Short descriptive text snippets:

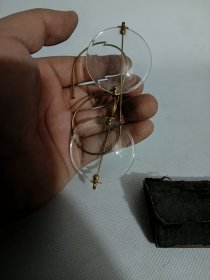 英国古董k金眼镜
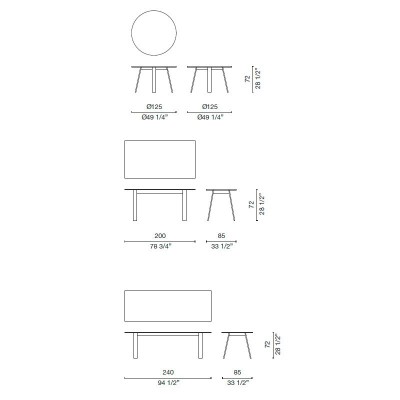 medidas Bac table Cappellini medidas Bac table Cappellini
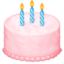 birthday cake on Facebook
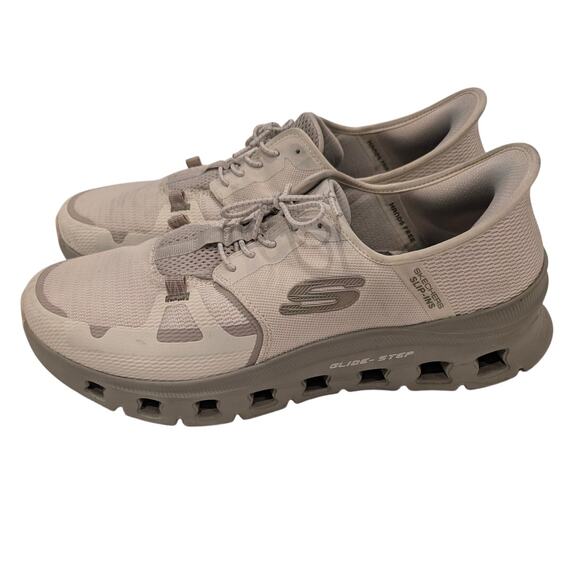 Sketchers Men\'s Slip-ins Sneaker Glide-Step Pro Natural Sz 11 main image 10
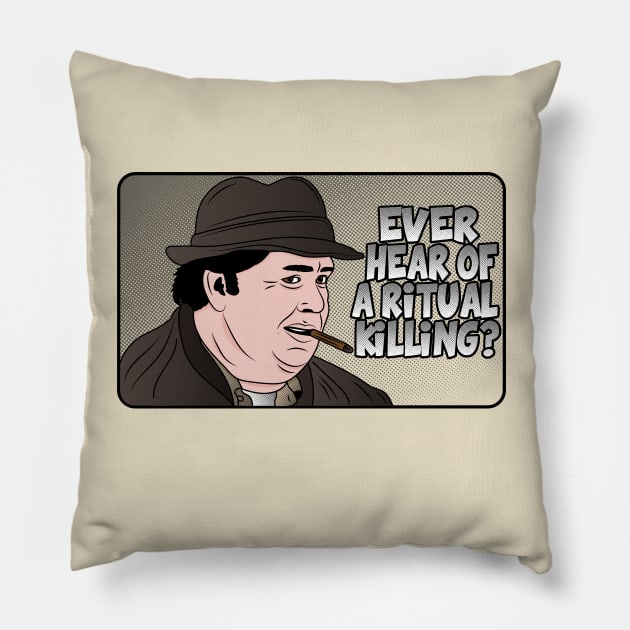 Ever hear of a ritual killing ? Pillow by carloj1956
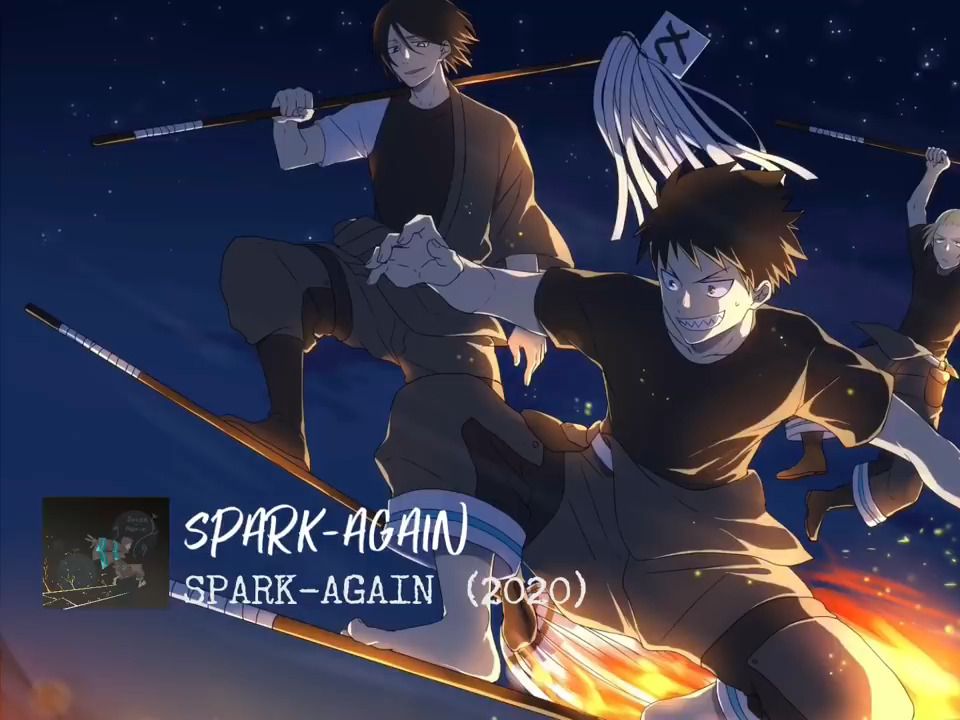 spark-again aimer -eng sub- -anime fire force season 2 enen no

§ Problem statement: Transcribe every record above exactly, leaving out the pictures.

§ Solution for this problem:
 英国古董k金眼镜
 medidas Bac table Cappellini medidas Bac table Cappellini
 birthday cake on Facebook
 Sketchers Men\'s Slip-ins Sneaker Glide-Step Pro Natural Sz 11 main image 10
 Ever hear of a ritual killing ? Pillow by carloj1956
 spark-again aimer -eng sub- -anime fire force season 2 enen no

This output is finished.